Each line holding the string "Spring" is to be copied from the data.

───── The data

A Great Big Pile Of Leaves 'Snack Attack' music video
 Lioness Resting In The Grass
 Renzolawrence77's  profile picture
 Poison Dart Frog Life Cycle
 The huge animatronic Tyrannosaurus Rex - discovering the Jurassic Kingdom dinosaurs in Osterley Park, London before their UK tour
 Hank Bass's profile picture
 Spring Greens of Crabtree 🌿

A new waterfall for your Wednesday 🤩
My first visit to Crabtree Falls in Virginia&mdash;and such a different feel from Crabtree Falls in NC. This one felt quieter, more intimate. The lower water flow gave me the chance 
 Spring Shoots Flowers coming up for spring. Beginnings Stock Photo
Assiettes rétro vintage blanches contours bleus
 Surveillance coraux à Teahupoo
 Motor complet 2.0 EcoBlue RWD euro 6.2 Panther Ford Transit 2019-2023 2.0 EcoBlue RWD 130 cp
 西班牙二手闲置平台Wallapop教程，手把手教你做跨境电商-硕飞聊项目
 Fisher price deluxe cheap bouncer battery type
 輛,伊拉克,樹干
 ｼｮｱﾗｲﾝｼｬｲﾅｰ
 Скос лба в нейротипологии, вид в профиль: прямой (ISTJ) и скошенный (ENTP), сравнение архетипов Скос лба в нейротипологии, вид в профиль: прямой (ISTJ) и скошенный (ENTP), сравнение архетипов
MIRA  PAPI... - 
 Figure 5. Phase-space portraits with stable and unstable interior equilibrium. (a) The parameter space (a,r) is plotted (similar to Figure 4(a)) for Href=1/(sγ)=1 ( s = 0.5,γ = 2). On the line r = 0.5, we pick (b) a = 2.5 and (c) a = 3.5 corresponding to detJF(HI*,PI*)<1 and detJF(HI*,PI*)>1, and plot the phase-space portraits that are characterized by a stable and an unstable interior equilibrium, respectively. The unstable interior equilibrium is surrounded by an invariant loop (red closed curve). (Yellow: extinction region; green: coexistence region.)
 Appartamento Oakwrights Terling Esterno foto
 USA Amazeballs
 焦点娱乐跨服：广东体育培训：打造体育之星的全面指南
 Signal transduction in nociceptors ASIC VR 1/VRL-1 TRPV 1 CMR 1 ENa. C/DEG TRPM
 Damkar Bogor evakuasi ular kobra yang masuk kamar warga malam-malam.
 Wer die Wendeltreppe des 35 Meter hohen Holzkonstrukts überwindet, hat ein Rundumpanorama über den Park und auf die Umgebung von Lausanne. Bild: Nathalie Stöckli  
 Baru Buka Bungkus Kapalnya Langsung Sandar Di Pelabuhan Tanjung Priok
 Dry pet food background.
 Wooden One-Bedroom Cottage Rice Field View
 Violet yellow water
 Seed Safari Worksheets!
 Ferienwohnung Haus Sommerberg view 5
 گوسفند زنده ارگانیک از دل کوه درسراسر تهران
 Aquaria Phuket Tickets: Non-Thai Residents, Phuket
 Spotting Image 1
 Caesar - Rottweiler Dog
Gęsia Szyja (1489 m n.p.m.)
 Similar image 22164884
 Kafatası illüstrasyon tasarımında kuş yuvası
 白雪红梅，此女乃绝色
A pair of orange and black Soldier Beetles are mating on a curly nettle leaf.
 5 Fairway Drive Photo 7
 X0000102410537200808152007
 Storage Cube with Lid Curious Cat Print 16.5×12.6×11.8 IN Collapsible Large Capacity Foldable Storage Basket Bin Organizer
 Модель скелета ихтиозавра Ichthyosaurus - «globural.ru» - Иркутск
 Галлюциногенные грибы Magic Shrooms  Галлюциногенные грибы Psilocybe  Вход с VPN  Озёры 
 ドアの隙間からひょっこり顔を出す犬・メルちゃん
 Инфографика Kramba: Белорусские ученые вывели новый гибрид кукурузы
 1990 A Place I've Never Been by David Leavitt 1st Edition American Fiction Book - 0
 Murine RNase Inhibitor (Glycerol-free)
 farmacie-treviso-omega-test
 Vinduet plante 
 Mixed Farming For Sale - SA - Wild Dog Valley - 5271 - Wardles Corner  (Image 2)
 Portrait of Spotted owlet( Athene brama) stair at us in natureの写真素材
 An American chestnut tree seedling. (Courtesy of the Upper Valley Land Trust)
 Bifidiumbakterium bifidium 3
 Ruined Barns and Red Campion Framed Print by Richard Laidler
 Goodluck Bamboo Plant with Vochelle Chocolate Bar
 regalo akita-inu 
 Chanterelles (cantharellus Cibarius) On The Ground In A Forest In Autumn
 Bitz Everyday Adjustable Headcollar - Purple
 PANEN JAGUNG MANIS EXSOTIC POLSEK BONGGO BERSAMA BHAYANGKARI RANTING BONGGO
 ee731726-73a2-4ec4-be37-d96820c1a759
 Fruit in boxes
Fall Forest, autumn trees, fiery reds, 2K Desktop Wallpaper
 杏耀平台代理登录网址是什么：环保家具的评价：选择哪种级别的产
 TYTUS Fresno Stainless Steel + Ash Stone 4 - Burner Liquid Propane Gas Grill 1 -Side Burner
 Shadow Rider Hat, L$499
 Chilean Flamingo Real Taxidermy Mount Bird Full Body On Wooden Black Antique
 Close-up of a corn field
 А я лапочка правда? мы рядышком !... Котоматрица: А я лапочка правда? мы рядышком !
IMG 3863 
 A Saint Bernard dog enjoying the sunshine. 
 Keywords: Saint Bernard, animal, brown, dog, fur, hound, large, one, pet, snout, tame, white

──────────

Response to this exercise |
 Spring Greens of Crabtree 🌿
 Spring Shoots Flowers coming up for spring. Beginnings Stock Photo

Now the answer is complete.